Across the UK, charities and community organisations are grappling with a harsh new reality. The third sector, already stretched to its limits, is being hit by a wave of financial pressures that threaten its ability to serve the communities that rely on it most. At the Heart of England Community Foundation, we are witnessing these challenges first-hand.

Our CEO, Tina Costello OBE, sheds light on the urgent need for collective action.

The third sector is facing a perfect storm of financial pressures, the Heart of England Community Foundation are seeing first hand how the voluntary and community sector is struggling to meet demand for services against rising costs.

Charities, like all sectors, must now absorb higher employment costs through the rise in National Insurance employer contributions and increases in both the National Living Wage and Minimum Wage.  Whilst we appreciate the rise in minimum wage is essential and a positive move for low-paid workers, for charities this comes with a substantial financial challenge.

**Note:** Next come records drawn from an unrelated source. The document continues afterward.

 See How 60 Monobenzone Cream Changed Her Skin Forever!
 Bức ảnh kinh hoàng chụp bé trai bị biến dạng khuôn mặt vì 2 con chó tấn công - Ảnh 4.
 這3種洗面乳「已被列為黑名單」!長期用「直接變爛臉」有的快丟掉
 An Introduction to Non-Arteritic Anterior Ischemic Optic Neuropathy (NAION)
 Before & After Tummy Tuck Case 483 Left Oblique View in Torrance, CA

Two recent policy shifts—rising National Insurance employer contributions and increases in both the National Living Wage and Minimum Wage—are placing an unprecedented burden on the sector. While these changes are designed to improve worker welfare, they come at a time when charities are already grappling with heightened demand for their services and a chronic lack of sustainable funding.

Charities, like businesses, must now absorb higher employment costs. Many operate on lean budgets, relying on every pound to deliver frontline support. The increase in employer National Insurance contributions means higher operational expenses, stretching already thin reserves. For smaller charities, these extra costs could mean difficult decisions: reducing staff hours, cutting vital services, or even facing closure.

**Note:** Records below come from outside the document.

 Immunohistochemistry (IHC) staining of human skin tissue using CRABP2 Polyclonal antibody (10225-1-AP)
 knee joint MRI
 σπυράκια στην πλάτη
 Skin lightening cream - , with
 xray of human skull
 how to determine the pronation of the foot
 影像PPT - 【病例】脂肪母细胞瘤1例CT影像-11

The rise in the National Living and Minimum Wage is a positive move for low-paid workers, ensuring they earn a fairer wage. However, for charities that employ support workers, carers, and community outreach staff, this represents a substantial financial challenge. Funding for these roles often comes from grants, donations, and contracts that were agreed upon before these wage hikes. Without additional funding to match these increased costs, charities may find themselves in an impossible position—either reduce services or attempt to do more with even less.

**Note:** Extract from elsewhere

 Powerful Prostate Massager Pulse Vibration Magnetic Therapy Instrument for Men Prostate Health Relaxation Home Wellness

This financial strain is exacerbated by the growing need for charitable services. The cost-of-living crisis continues to drive people towards food banks, mental health support, and community services. Charities are being asked to do more, yet the funding landscape remains stagnant or, in some cases, is shrinking. Many funders, including government bodies, have not adjusted grant amounts to reflect inflation or increased wage bills, leaving charities to bridge the gap themselves.

Its vitally important that our voluntary and community sector remain robust and resilient, they’re not just ‘propping up’ what the public and private sector can’t support, they offer lifelines for communities and the people that live in them, they play a significant role in civic society.

Collaboration is key, working together to find solutions and ensure the vital work of sector can continue and ensure services aren’t cut or sadly seeing charities close their doors.

As a place-based funder for the West Midlands and Warwickshire, we are committed to supporting our local communities, but we need to collaborate more with regional businesses, think outside of the box in terms of financial support, and deliver meaningful programmes that truly tackle current societal challenges.

How do we broaden the conversation to see how we can safeguard our sector through these uncertain times.

How can we collaborate and support our local communities to ensure they don’t just survive but thrive!